--- Data supplied ---
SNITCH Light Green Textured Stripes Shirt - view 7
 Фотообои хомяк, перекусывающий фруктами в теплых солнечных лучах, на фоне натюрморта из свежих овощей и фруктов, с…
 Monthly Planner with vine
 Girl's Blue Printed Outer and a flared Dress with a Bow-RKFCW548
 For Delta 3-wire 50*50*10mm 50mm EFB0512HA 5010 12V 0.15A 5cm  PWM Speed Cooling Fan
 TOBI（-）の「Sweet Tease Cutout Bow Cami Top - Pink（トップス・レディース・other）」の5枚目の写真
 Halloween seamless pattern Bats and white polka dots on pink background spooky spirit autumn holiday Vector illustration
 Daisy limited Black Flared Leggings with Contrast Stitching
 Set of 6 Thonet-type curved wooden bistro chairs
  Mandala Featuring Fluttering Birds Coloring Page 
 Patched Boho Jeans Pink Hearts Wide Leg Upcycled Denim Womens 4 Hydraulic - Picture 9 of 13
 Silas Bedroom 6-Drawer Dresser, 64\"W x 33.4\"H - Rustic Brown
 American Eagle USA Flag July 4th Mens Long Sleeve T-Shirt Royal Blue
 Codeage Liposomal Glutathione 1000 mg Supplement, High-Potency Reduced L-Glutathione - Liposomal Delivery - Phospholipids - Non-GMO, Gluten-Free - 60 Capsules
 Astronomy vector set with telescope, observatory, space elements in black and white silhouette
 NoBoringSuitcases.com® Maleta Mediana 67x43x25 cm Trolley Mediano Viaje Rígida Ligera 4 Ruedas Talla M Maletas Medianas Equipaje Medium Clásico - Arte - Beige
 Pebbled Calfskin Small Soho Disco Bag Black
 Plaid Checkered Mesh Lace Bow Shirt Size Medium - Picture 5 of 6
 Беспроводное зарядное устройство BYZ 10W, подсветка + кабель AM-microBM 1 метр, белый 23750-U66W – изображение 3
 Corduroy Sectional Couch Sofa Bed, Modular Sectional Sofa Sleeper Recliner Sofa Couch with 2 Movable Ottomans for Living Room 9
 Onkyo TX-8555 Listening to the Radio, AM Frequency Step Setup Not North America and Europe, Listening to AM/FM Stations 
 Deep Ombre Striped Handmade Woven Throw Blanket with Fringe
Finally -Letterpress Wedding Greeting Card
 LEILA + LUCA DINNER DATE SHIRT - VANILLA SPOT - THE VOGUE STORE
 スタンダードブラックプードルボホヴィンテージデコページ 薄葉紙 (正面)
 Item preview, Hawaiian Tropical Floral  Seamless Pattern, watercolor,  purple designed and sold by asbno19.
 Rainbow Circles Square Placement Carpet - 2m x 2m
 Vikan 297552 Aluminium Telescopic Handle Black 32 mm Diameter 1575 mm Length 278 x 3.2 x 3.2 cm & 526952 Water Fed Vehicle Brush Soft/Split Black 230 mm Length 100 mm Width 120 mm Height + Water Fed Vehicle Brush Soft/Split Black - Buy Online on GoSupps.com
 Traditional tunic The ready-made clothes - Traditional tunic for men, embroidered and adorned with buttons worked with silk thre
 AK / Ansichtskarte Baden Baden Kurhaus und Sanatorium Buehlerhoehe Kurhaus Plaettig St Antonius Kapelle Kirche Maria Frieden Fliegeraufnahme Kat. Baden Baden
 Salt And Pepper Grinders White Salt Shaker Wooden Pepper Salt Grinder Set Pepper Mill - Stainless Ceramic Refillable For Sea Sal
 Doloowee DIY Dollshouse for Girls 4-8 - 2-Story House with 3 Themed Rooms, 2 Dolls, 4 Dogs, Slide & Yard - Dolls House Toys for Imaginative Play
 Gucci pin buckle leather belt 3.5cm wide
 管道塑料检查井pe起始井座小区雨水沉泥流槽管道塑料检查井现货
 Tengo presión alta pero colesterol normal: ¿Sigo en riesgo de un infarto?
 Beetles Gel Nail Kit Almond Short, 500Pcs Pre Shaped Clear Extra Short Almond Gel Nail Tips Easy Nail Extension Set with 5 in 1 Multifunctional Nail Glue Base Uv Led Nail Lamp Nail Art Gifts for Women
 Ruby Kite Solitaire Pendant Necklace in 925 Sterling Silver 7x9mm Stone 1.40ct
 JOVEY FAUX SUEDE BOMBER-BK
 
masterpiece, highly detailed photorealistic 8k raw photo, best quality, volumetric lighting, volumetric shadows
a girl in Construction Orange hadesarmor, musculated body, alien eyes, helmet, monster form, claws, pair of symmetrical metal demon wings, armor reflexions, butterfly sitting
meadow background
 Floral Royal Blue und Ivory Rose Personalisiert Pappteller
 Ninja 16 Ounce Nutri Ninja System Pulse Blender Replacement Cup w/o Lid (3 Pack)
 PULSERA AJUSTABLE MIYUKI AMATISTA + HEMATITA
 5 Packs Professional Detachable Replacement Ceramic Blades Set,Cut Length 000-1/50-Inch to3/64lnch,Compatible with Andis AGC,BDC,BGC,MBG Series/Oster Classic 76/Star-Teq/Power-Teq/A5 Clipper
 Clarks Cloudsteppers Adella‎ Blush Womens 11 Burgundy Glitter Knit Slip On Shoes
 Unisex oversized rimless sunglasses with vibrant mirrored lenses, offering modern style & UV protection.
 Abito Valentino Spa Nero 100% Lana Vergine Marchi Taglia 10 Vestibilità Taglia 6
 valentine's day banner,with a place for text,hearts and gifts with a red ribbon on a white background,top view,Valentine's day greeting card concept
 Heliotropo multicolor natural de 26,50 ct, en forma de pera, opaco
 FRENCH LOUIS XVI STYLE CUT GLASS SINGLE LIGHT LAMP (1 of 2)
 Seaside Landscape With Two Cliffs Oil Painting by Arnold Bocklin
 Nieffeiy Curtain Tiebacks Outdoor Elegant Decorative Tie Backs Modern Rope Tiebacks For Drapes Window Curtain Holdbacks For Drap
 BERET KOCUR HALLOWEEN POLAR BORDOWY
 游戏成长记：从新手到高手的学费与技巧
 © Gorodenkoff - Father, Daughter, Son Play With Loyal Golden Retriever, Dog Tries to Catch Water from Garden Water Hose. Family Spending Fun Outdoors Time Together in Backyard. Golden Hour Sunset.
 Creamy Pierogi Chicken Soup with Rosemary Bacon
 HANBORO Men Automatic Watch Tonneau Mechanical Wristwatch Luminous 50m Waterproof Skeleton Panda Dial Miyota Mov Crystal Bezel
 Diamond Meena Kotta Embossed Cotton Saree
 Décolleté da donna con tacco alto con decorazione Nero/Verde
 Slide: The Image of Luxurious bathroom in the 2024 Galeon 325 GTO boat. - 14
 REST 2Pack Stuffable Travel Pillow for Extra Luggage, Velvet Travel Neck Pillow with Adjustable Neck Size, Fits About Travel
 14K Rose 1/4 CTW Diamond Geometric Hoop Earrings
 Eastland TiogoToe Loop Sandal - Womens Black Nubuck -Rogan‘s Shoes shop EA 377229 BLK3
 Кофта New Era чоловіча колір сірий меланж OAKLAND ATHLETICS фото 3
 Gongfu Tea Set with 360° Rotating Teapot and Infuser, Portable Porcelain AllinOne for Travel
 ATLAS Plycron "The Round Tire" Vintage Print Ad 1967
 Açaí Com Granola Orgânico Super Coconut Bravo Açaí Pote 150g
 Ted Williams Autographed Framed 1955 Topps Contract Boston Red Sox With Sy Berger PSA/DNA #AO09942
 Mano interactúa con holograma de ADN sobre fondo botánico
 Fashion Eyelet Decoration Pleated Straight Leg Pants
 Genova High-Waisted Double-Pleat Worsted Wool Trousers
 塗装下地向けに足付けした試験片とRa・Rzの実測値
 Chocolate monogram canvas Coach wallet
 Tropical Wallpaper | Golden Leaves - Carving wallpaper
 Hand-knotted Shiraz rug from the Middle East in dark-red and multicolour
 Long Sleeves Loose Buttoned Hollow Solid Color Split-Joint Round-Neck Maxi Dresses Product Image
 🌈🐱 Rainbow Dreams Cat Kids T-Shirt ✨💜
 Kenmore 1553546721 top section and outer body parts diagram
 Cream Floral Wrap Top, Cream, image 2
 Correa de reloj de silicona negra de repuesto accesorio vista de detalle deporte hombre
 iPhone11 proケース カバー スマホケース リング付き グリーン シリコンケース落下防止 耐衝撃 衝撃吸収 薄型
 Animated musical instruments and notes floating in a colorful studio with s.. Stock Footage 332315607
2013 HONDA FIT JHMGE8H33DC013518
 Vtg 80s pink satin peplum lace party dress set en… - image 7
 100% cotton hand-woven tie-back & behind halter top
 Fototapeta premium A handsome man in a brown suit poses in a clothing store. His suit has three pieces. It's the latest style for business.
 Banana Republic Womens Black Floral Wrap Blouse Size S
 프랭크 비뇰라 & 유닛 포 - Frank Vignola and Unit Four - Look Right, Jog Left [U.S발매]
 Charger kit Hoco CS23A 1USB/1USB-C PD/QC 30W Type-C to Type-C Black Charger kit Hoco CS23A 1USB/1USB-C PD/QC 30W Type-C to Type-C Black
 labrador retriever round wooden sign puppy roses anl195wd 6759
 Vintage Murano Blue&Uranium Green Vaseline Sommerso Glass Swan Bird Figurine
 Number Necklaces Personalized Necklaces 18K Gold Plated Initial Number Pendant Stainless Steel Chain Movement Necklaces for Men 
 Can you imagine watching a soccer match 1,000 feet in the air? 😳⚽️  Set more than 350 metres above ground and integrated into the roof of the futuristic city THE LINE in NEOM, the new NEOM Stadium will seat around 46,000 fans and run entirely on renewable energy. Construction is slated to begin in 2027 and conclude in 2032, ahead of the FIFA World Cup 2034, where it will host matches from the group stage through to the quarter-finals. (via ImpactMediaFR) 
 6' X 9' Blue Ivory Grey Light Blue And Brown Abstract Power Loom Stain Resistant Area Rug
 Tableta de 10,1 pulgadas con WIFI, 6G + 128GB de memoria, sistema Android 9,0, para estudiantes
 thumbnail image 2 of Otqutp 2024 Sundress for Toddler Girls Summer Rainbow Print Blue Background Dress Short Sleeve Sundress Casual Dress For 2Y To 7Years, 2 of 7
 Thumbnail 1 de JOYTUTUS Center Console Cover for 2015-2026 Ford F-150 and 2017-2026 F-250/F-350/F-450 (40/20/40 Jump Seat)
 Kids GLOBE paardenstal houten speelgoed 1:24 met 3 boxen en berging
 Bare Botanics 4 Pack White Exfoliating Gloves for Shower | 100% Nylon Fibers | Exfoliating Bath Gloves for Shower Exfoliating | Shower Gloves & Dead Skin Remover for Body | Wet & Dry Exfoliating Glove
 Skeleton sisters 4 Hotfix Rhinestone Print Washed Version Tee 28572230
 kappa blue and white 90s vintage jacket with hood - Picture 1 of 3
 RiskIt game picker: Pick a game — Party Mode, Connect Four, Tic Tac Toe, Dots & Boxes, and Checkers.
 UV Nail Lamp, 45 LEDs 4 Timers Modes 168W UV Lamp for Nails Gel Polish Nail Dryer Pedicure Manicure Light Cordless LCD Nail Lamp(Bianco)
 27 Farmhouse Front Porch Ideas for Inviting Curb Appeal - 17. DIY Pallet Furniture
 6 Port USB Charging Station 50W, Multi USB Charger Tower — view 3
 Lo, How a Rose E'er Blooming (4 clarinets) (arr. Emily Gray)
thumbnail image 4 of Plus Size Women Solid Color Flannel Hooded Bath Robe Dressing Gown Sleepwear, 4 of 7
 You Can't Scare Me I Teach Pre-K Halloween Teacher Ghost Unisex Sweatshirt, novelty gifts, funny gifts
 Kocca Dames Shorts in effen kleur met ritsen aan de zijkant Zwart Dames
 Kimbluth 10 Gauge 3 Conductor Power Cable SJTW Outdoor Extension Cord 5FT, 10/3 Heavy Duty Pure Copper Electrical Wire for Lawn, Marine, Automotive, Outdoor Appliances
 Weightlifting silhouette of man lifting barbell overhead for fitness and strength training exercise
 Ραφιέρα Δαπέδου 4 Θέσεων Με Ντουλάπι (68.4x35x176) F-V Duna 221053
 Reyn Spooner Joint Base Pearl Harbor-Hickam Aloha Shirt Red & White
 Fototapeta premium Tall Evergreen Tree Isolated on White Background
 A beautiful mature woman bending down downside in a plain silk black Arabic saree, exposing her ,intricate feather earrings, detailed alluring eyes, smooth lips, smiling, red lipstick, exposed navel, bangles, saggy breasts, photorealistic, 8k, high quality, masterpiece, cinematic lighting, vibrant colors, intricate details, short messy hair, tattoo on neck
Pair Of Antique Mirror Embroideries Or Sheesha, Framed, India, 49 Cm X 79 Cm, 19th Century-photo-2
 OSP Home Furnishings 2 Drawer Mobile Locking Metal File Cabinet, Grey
---
§ **What to work on**
Repeat word for word the lines above that run from the line containing "6' X 9' Blue" through the line containing "Kocca Dames Shorts", both ends included, and nothing else.

§ **Response to the task**
 6' X 9' Blue Ivory Grey Light Blue And Brown Abstract Power Loom Stain Resistant Area Rug
 Tableta de 10,1 pulgadas con WIFI, 6G + 128GB de memoria, sistema Android 9,0, para estudiantes
 thumbnail image 2 of Otqutp 2024 Sundress for Toddler Girls Summer Rainbow Print Blue Background Dress Short Sleeve Sundress Casual Dress For 2Y To 7Years, 2 of 7
 Thumbnail 1 de JOYTUTUS Center Console Cover for 2015-2026 Ford F-150 and 2017-2026 F-250/F-350/F-450 (40/20/40 Jump Seat)
 Kids GLOBE paardenstal houten speelgoed 1:24 met 3 boxen en berging
 Bare Botanics 4 Pack White Exfoliating Gloves for Shower | 100% Nylon Fibers | Exfoliating Bath Gloves for Shower Exfoliating | Shower Gloves & Dead Skin Remover for Body | Wet & Dry Exfoliating Glove
 Skeleton sisters 4 Hotfix Rhinestone Print Washed Version Tee 28572230
 kappa blue and white 90s vintage jacket with hood - Picture 1 of 3
 RiskIt game picker: Pick a game — Party Mode, Connect Four, Tic Tac Toe, Dots & Boxes, and Checkers.
 UV Nail Lamp, 45 LEDs 4 Timers Modes 168W UV Lamp for Nails Gel Polish Nail Dryer Pedicure Manicure Light Cordless LCD Nail Lamp(Bianco)
 27 Farmhouse Front Porch Ideas for Inviting Curb Appeal - 17. DIY Pallet Furniture
 6 Port USB Charging Station 50W, Multi USB Charger Tower — view 3
 Lo, How a Rose E'er Blooming (4 clarinets) (arr. Emily Gray)
thumbnail image 4 of Plus Size Women Solid Color Flannel Hooded Bath Robe Dressing Gown Sleepwear, 4 of 7
 You Can't Scare Me I Teach Pre-K Halloween Teacher Ghost Unisex Sweatshirt, novelty gifts, funny gifts
 Kocca Dames Shorts in effen kleur met ritsen aan de zijkant Zwart Dames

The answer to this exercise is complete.